La Costituzione degli Stati Uniti d'America ad esempio limita la tutela della proprietà intellettuale alle esigenze del progresso della società; l'inviolabilità del domicilio invece non è mai soggetta a delle limitazioni per conciliarsi con altre categorie di diritti.

Lo sniffing pone problemi di privacy in quanto le forze di polizia accedono senza mandato di perquisizione e a insaputa dell'utente ad un computer che è sua proprietà privata nonché ad una rete che è proprietà di chi diffonde il software di accesso. In generale, l'accesso ad un'abitazione o altra proprietà privata per una perquisizione richiede un mandato della magistratura e che esso sia mostrato al proprietario del bene perquisito.

L'indirizzo IP fornito dall'Internet Service Provider non identifica una persona, ma un computer o un dispositivo collegato ad internet che può essere utilizzato da un qualsiasi dei componenti della famiglia. Questo non è sufficiente per una condanna in sede penale, dove è richiesta non la ragionevolezza, ma la certezza dei riscontri probatori. Inoltre non necessariamente la persona che ha commesso il fatto è un componente del nucleo familiare, al quale è intestata l'utenza. La non-identificazione di chi commette materialmente il fatto esclude un nesso di causalità fra la connessione alla rete P2P e la violazione del diritto d'autore. Per l'ambito penale serve un accertamento univoco ed inequivocabile, sia della persona che della responsabilità. Il titolare della utenza telefonica può essere ritenuto responsabile della sua sicurezza e del suo utilizzo, e rispondere dell'illecito amministrativo, non dei danni derivanti a terzi se non è provato che questi ha materialmente commesso il fatto[4].

Giorgio Lunardi è abbastanza certo che, "in sostanza, nessuno può essere punito penalmente se si scarica musica o film da internet ad uso personale, posto che nel nostro ordinamento giuridico l'interpretazione della legge penale è rigida.

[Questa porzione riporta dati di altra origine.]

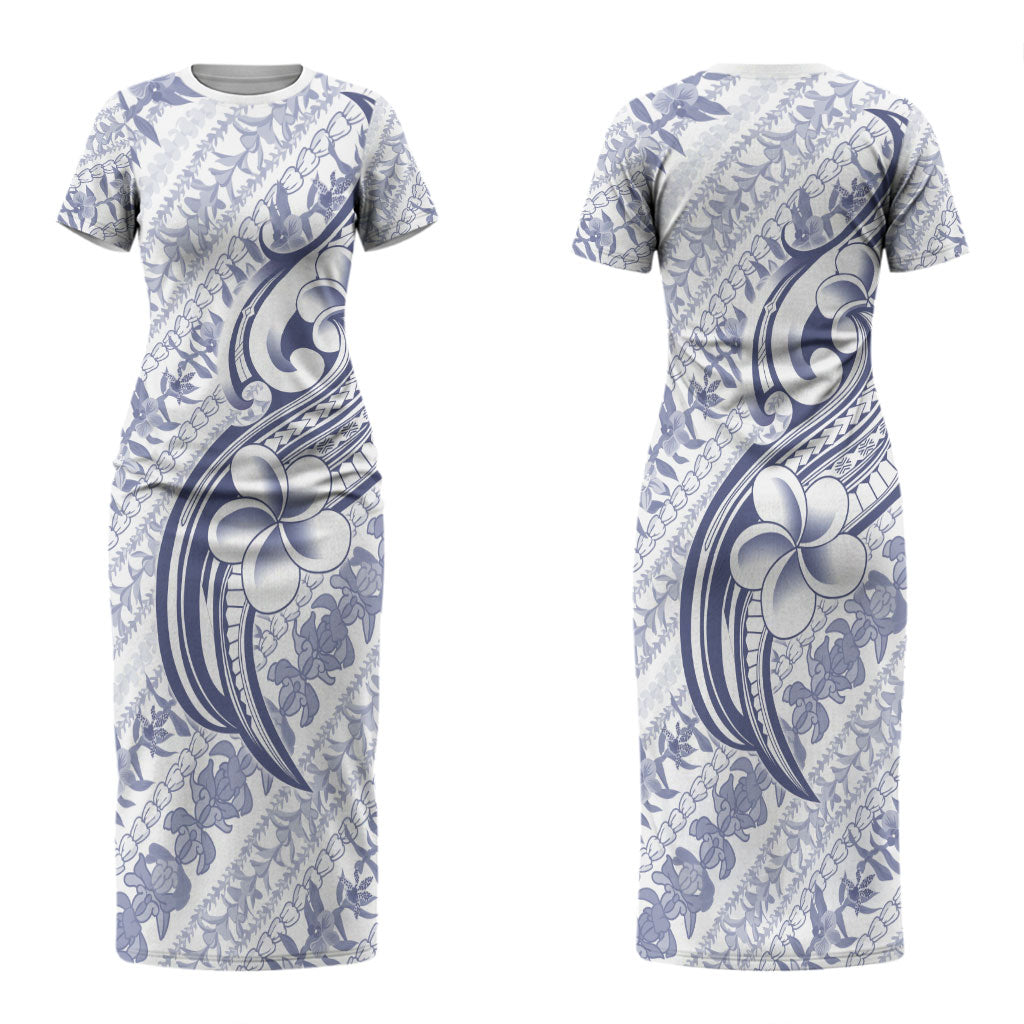 Hawaii Plumeria Lokelani Pikake Lei Couples Matching Short Sleeve Bodycon Dress and Long Sleeve Button Shirt Navy Blue Polynesian Tattoo LT9 - Polynesian Pride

Amministrativamente la cosa non dovrebbe comportare sanzioni".[5]

La perquisizione dei domicilii e l'accesso ai tabulati telefonici (dei provider per conoscere i siti visitati) sono provvedimenti riservati ad illeciti penali. In Paesi come gli Stati Uniti, dove la violazione del copyright è punita con sanzioni pecuniarie, è comunque diffusa tale prassi nelle indagini per violazioni del diritto d'autore.

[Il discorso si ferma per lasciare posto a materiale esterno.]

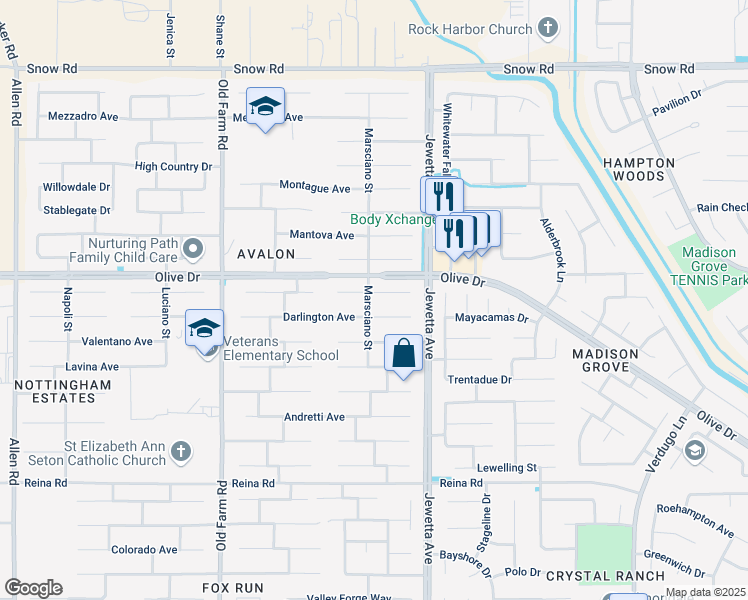 map of restaurants, bars, coffee shops, grocery stores, and more near 11412 Summit Point Court in Bakersfield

Il codice penale italiano al Libro II ("Dei delitti in particolare") dedica un'apposita sezione a tale tema: "Dei delitti contro la inviolabilità del domicilio" (Capo III, sez. IV). Gli artt. 615 bis e ter specificano le pene per accesso abusivo ad un sistema informatico o telematico, o interferenze illecite nella vita privata. Gli strumenti che controllano il traffico web di un utente, "si mettono in ascolto" su una porta del computer non utilizzata da alcun programma, e funzionano come uno "strumento di ripresa sonora" che registra tutto il traffico in ingresso e uscita dal nodo internet. In questo caso è dato di sapere soltanto ciò che l'utente sta facendo con il browser Internet e con i programmi peer-to-peer, ma non con le altre applicazioni (se ad esempio sta ascoltando una canzone, vedendo un film, stampando un file). L'intrusione non consente un controllo o manipolazione del computer, ma comunque di "mantenervisi contro la volontà tacita di chi ha il diritto di escluderlo".[6]

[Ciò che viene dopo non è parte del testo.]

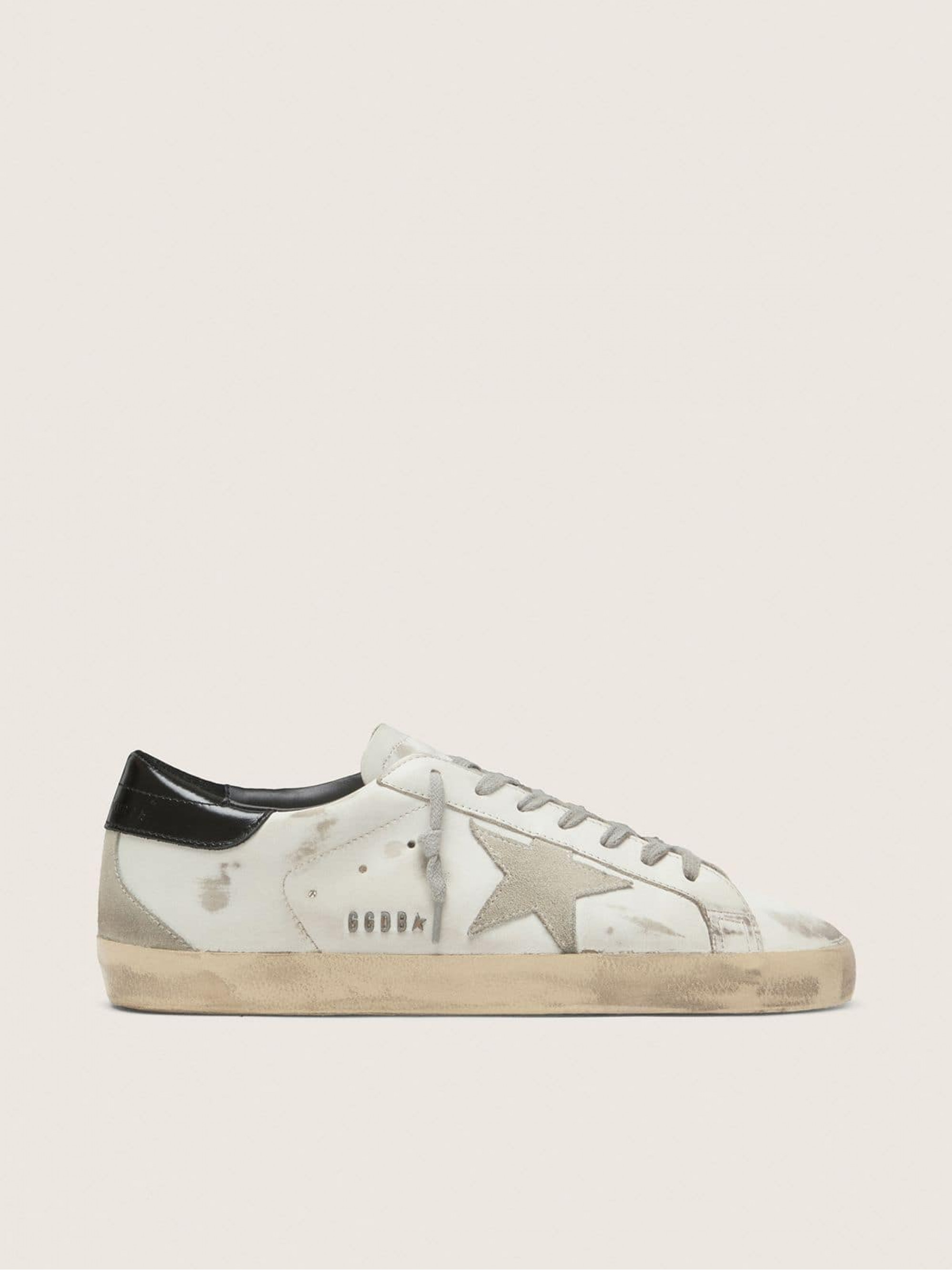 Women's Super-Star with black heel tab and metal stud lettering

Entrando nelle reti di condivisione l'utente rende visibile una parte dei file del suo computer e inevitabilmente i file che sceglie di scaricare. Viene in questo modo a crearsi un conflitto con la normativa sulla privacy: la conservazione dei dati dei download, anche in forma aggregata e anonima, deve essere autorizzata nei confronti di chi immette file nelle reti P2P per "testarne" il gradimento del pubblico, oppure entra per perseguire in flagranza di reato chi viola i diritti di copyright.

A detta di alcuni giuristi l'"accesso è più grave del reato di violazione del copyright" che con esso si vuole reprimere. È stato osservato che è eccessivo uno sconfinamento nella giustizia penale e che l'entità della reclusione minima e massima non rispettano il proporzionalismo delle pene se comparate con le pene detentive di altri reati.[7]

In questo senso, se può essere chiesto un risarcimento danni per la violazione del copyright, le persone oggetto di intercettazioni possono ottenere un risarcimento, probabilmente in misura maggiore, per la violazione dei loro diritti soggettivi.

  1. ^ 22 aprile 1941, n. 633
  2. ^ La comunicazione avviene sfruttando un protocollo definito in comune tra i due software dei corrispondenti peer. Alcuni protocolli (come eDonkey) non si possono definire P2P puri perché richiedono una gestione delle connessioni, delle utenze e di porzione del traffico da parte di un server. Vedere anche Lista completa dei protocolli Archiviato il 16 luglio 2011 in Internet Archive..
  3. ^ PI: Roma vara la Legge Urbani
  4. ^ Una sentenza del Tribunale di Roma, del 17 marzo 2008, per il caso Peppermint/Techland/Logistep, è una delle prime in materia e crea un precedente giuridico. La casa discografica tedesca e un produttore di videogiochi polacchi si erano rivolti a una società svizzera specializzata in intercettazioni nelle reti peer-to-peer. Ottenuti gli indirizzi IP, le società richiederebbero dai provider italiani i nominativi corrispondenti, e invierebbero loro delle raccomandate nelle quali chiederebbero un risarcimento, riservandosi altrimenti ulteriori iniziative giudiziarie per la violazione del diritto d'autore. Il Tribunale di Roma rigetta le richieste di procedere, affermando che le società non hanno alcun diritto di accedere ai dati personali degli intercettati e che quindi i nominativi raccolti sono privi di valore probatorio, e non possono essere utilizzati in tribunale.
  5. ^ La legge Urbani non punisce la copia personale di Giorgio Lunardi - 03/06/2004
  6. ^ L'intercettazione limita diritti soggettivi della persona, la cui violazione in altri contesti costituisce reato, ed è utilizzata per accertare un illecito che è punito con un'ammenda. La sentenza del Tribunale di Roma afferma l'illegittimità delle intercettazioni in relazione a soggetti privati; il pronunciamento del Garante entra nel merito dichiarando l'uso delle intercettazioni nelle reti P2P illegittimo, al di là del soggetto che le opera. Il diritto alla riservatezza è disciplinato nel D. Lgs. n. 196 del 2003.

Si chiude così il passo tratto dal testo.